The fines scale starts at $1,000 per technical for fouls four through seven. Warning letter after the fifth. Automatic one-game suspension at eight. Clark is exactly halfway there. She is playing herself into a self-imposed political problem for the WNBA in real time, one technical foul at a time, and she is doing it while combining for 57 points over her last two games.

Coach Stephanie White did not exactly defuse the situation, either. “There wasn’t an explanation for the technical [Clark] got,” White said. “They allow that stuff to happen — and it has been happening all season long. You’ve got competitive women who are at the best in the world. They’ve got to get control of it, they’ve got to be better.” That’s a coach telling the officials they’re wrong, on top of her player calling out the ref by name. The Fever are done playing nice.

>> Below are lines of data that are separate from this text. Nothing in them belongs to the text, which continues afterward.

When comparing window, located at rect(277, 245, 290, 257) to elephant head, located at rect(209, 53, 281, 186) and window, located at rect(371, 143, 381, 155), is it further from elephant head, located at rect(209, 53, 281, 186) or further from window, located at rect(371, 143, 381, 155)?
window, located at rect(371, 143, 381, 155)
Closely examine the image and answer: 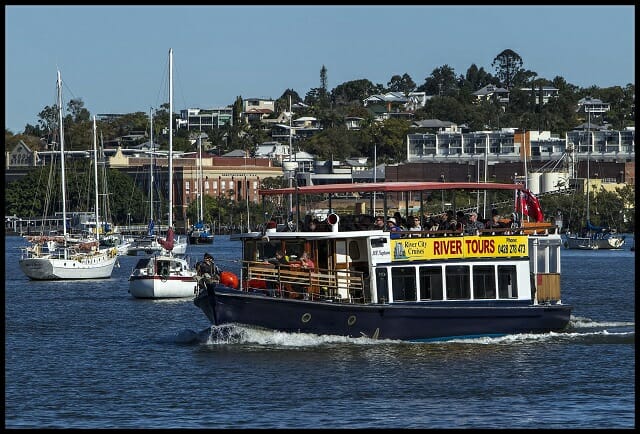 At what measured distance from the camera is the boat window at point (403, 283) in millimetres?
44969

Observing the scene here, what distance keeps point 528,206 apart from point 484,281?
12.5 feet

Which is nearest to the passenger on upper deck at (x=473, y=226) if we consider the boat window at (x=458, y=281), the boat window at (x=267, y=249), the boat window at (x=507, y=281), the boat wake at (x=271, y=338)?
the boat window at (x=458, y=281)

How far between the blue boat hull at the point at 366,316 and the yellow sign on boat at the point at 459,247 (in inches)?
51.0

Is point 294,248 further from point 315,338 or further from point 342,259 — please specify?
point 315,338

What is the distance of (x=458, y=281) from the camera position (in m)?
45.7

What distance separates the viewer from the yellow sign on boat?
45000mm

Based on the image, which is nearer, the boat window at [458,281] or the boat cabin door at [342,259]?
the boat cabin door at [342,259]

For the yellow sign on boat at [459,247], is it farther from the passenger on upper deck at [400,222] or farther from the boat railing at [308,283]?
the passenger on upper deck at [400,222]

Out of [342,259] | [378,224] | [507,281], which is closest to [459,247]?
[507,281]

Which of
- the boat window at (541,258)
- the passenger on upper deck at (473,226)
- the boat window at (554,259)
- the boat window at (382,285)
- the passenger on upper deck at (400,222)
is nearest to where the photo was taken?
the boat window at (382,285)

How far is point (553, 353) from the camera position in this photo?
Answer: 4422cm

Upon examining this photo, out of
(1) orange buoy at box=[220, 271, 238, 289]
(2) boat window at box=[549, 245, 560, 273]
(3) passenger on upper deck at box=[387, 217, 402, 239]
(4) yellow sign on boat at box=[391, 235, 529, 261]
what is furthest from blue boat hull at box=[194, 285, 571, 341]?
(2) boat window at box=[549, 245, 560, 273]

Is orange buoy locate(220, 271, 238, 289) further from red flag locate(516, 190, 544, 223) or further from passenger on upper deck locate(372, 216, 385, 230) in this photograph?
red flag locate(516, 190, 544, 223)

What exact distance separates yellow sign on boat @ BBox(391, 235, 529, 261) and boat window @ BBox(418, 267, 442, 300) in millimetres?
354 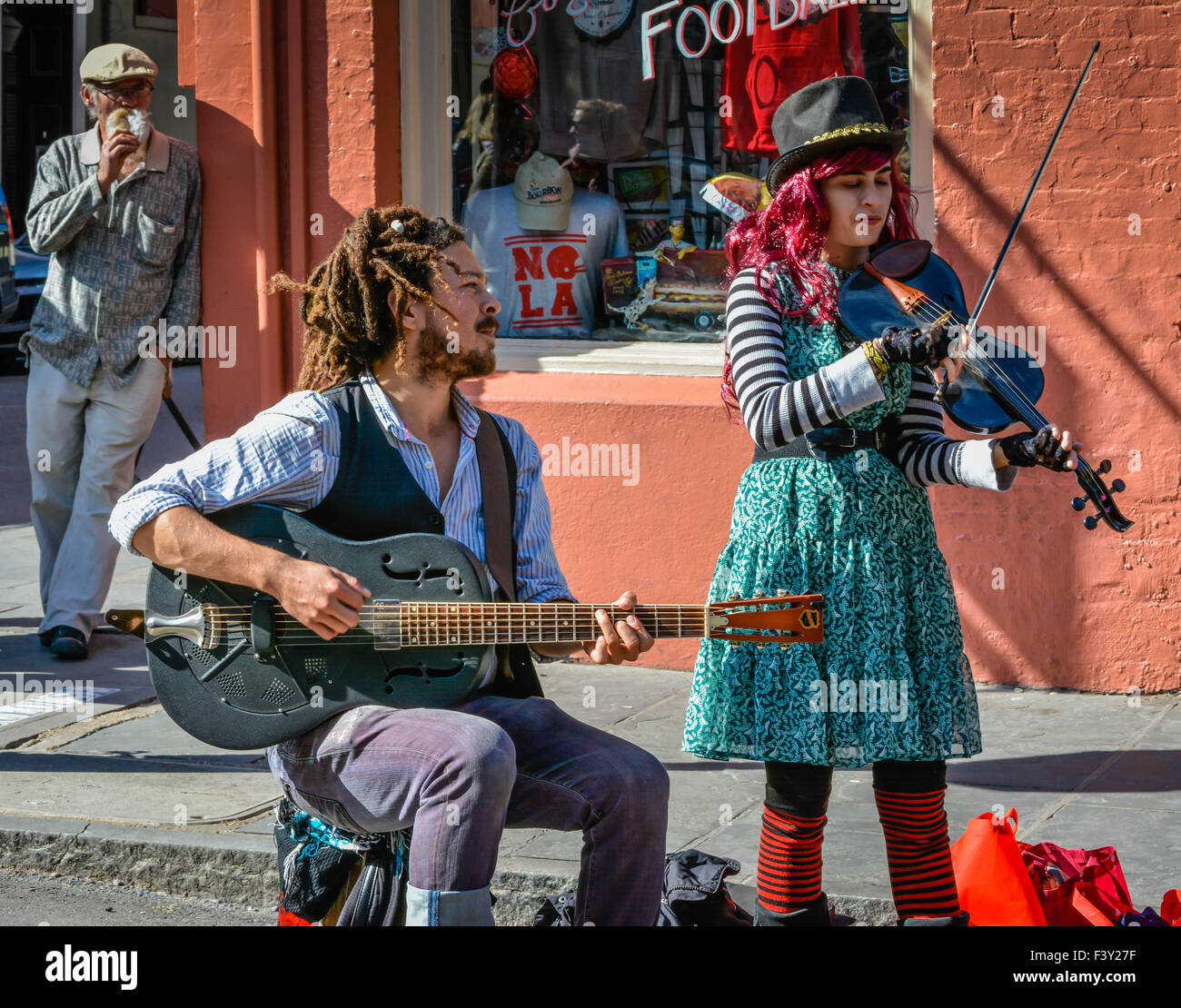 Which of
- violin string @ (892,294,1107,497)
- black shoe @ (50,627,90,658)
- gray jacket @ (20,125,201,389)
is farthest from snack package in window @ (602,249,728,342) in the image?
violin string @ (892,294,1107,497)

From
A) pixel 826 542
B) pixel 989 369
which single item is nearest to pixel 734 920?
pixel 826 542

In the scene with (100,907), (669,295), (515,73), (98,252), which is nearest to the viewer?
(100,907)

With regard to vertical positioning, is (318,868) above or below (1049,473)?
below

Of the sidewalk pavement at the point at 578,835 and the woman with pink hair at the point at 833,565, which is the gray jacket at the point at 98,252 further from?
the woman with pink hair at the point at 833,565

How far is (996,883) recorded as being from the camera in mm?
3561

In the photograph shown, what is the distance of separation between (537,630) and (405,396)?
60 cm

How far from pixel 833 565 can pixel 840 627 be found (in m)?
0.13

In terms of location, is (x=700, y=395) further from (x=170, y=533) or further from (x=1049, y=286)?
(x=170, y=533)

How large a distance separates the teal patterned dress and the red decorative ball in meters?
3.62

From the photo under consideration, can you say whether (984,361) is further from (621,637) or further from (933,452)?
(621,637)

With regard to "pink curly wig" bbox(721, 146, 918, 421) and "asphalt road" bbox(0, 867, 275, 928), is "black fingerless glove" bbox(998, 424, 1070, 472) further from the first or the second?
"asphalt road" bbox(0, 867, 275, 928)

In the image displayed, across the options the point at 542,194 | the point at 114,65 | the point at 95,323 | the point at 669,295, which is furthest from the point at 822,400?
the point at 114,65

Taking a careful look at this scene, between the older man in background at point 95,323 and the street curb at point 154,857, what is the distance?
1.92 m

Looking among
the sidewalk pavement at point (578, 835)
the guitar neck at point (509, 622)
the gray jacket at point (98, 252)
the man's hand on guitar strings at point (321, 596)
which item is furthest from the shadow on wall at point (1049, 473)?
the man's hand on guitar strings at point (321, 596) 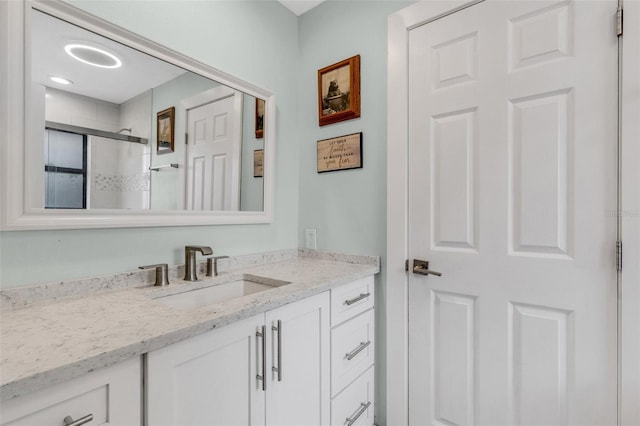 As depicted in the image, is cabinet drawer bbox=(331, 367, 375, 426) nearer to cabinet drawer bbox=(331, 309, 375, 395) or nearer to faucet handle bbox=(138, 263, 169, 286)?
cabinet drawer bbox=(331, 309, 375, 395)

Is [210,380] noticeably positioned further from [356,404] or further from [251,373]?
[356,404]

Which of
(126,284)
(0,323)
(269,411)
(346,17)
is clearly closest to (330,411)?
(269,411)

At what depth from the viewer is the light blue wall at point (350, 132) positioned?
162 centimetres

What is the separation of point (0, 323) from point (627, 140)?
2.00 meters

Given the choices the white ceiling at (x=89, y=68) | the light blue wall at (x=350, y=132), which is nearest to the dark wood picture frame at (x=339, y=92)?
the light blue wall at (x=350, y=132)

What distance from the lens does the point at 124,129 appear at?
1169 millimetres

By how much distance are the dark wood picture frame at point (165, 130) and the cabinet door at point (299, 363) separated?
0.84 meters

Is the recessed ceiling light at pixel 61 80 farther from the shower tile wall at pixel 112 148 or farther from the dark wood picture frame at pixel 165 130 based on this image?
the dark wood picture frame at pixel 165 130

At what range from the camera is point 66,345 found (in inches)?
25.5

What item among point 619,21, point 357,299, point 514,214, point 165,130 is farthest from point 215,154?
point 619,21

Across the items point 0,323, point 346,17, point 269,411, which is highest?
point 346,17

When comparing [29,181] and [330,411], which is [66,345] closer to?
[29,181]

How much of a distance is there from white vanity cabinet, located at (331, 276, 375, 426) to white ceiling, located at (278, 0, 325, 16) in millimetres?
1726

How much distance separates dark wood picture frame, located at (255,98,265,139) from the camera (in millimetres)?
1690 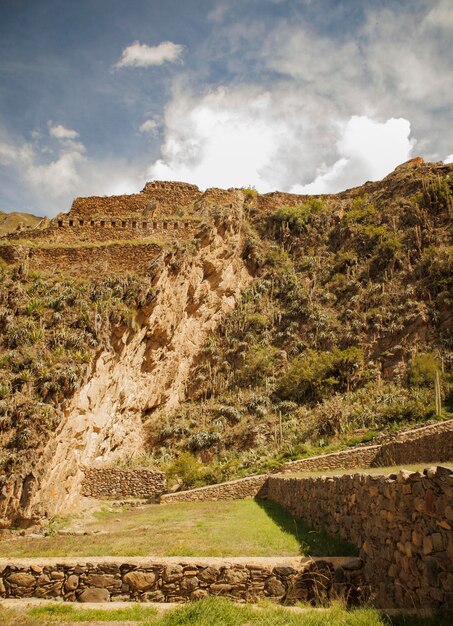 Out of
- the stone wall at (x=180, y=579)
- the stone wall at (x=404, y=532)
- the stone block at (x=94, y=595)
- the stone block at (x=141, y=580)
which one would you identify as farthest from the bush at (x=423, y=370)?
the stone block at (x=94, y=595)

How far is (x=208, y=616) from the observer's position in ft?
17.2

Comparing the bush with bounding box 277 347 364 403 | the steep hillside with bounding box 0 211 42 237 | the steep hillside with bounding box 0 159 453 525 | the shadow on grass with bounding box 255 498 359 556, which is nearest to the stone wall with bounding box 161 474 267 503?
the steep hillside with bounding box 0 159 453 525

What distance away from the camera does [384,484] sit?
6.25 metres

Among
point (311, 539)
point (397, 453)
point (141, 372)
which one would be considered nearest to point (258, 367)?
point (141, 372)

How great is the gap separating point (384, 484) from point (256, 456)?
16798 mm

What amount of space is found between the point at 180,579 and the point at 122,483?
16.1 m

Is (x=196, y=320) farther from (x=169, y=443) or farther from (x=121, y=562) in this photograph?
(x=121, y=562)

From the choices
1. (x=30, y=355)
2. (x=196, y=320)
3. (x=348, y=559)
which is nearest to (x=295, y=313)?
(x=196, y=320)

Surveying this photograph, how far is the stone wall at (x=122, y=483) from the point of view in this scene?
20.9 meters

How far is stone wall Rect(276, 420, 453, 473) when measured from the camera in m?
13.4

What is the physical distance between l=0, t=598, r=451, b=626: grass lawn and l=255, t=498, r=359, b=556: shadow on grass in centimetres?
211

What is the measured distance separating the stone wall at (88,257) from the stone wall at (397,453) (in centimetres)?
1418

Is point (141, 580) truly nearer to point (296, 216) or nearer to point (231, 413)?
point (231, 413)

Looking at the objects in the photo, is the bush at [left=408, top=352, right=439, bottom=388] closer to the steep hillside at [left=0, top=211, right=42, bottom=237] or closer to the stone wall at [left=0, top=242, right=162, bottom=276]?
the stone wall at [left=0, top=242, right=162, bottom=276] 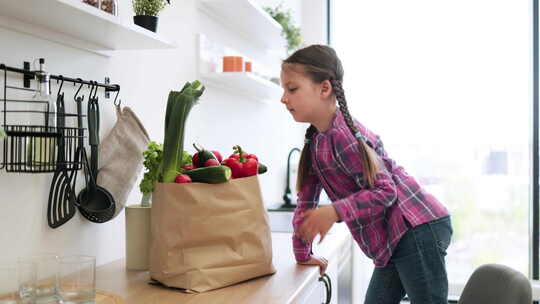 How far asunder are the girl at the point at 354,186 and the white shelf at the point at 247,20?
0.72 meters

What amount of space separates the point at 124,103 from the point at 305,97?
524 millimetres

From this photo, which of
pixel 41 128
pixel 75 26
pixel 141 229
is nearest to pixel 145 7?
pixel 75 26

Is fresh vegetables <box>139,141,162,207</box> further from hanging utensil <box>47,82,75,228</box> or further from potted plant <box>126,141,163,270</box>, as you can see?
hanging utensil <box>47,82,75,228</box>

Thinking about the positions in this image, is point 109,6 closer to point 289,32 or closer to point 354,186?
point 354,186

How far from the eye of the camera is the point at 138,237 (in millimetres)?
1491

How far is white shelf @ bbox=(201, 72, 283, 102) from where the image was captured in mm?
2266

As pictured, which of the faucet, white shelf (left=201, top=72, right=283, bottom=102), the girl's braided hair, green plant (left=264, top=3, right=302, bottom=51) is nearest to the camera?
the girl's braided hair

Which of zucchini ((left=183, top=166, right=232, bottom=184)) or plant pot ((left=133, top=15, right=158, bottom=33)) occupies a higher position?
plant pot ((left=133, top=15, right=158, bottom=33))

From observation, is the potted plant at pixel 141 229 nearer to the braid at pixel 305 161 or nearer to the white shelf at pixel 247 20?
the braid at pixel 305 161

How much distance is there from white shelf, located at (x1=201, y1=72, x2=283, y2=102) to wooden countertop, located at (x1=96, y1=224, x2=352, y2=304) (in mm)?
861

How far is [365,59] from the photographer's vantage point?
3.98 m

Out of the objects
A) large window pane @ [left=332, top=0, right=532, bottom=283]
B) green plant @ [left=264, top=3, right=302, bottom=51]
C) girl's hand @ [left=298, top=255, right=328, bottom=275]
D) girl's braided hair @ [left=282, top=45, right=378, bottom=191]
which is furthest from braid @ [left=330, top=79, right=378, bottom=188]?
large window pane @ [left=332, top=0, right=532, bottom=283]

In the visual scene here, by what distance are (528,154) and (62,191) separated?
125 inches

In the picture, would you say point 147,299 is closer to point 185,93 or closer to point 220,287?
point 220,287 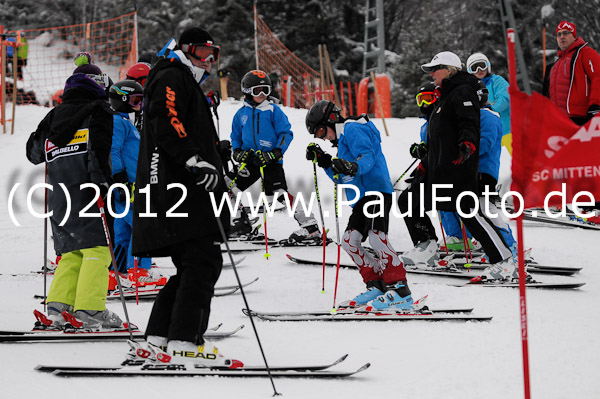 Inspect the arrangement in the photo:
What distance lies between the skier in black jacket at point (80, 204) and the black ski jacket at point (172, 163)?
31.7 inches

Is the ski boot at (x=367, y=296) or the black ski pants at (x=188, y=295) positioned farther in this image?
the ski boot at (x=367, y=296)

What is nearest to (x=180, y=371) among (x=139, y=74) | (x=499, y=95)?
(x=139, y=74)

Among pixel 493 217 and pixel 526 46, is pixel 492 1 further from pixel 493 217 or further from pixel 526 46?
pixel 493 217

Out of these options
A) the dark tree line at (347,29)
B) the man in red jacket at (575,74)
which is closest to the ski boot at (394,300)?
the man in red jacket at (575,74)

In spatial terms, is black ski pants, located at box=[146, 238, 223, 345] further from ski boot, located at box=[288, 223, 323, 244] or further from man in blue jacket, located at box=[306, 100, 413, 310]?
ski boot, located at box=[288, 223, 323, 244]

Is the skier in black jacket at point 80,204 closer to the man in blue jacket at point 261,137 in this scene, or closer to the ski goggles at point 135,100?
the ski goggles at point 135,100

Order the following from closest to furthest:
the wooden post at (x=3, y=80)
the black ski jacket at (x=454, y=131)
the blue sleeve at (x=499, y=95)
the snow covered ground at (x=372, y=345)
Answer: the snow covered ground at (x=372, y=345), the black ski jacket at (x=454, y=131), the blue sleeve at (x=499, y=95), the wooden post at (x=3, y=80)

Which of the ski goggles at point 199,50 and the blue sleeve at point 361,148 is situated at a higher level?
the ski goggles at point 199,50

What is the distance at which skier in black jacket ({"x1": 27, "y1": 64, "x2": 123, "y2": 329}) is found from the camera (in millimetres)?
4410

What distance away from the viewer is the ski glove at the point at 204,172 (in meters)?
3.42

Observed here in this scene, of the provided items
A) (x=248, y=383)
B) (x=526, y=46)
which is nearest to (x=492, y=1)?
(x=526, y=46)

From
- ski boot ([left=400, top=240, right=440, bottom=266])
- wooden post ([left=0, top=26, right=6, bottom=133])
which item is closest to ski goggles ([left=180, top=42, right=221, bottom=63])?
ski boot ([left=400, top=240, right=440, bottom=266])

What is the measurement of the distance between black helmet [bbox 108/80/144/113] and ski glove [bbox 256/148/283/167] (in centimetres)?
218

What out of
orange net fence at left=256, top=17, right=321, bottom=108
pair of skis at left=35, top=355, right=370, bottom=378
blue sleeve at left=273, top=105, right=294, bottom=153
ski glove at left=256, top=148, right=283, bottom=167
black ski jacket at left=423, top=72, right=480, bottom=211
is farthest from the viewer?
orange net fence at left=256, top=17, right=321, bottom=108
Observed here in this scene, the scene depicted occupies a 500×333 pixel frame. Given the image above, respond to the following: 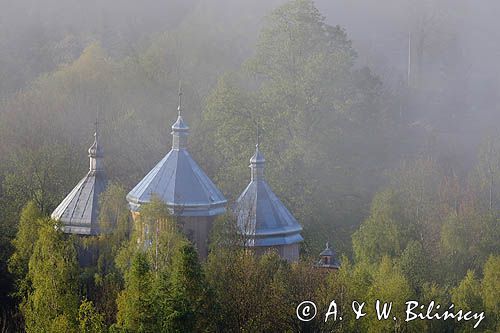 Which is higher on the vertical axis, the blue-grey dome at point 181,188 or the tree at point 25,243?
the blue-grey dome at point 181,188

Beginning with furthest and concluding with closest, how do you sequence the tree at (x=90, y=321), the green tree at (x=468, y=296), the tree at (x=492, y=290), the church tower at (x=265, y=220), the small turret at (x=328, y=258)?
1. the small turret at (x=328, y=258)
2. the church tower at (x=265, y=220)
3. the green tree at (x=468, y=296)
4. the tree at (x=492, y=290)
5. the tree at (x=90, y=321)

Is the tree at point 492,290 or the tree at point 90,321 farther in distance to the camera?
the tree at point 492,290

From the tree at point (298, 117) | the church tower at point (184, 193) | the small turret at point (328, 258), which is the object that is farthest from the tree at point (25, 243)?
the tree at point (298, 117)

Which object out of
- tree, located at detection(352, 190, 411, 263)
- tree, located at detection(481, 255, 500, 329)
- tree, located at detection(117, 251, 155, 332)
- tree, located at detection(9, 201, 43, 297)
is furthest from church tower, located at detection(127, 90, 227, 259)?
tree, located at detection(117, 251, 155, 332)

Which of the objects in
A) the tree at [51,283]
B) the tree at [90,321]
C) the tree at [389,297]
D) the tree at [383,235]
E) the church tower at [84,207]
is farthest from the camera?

The part nobody’s paying attention to because the tech saga is too good: Clark hit five threes Saturday and quietly moved to sixth all-time in Indiana Fever franchise history for career three-pointers made. In her third season. (She missed most of Year 2 to injury.) She is moving up the Fever’s all-time list the same week she is moving up the suspension ladder. Both things are true simultaneously. She cannot help either one.

That’s the thing about Clark that makes her genuinely different from every player the WNBA has produced: the competitor switch does not have an off position. She punched the air, she kicked the ball, she named the official, and she went 10-of-17 from the field. All in the same night. For our WNBA coverage this season, we keep waiting for her to calm down. She is not going to calm down.

The league’s whole problem is that they need her to be both a marquee star and a manageable one. She has decided she’s only doing the first part.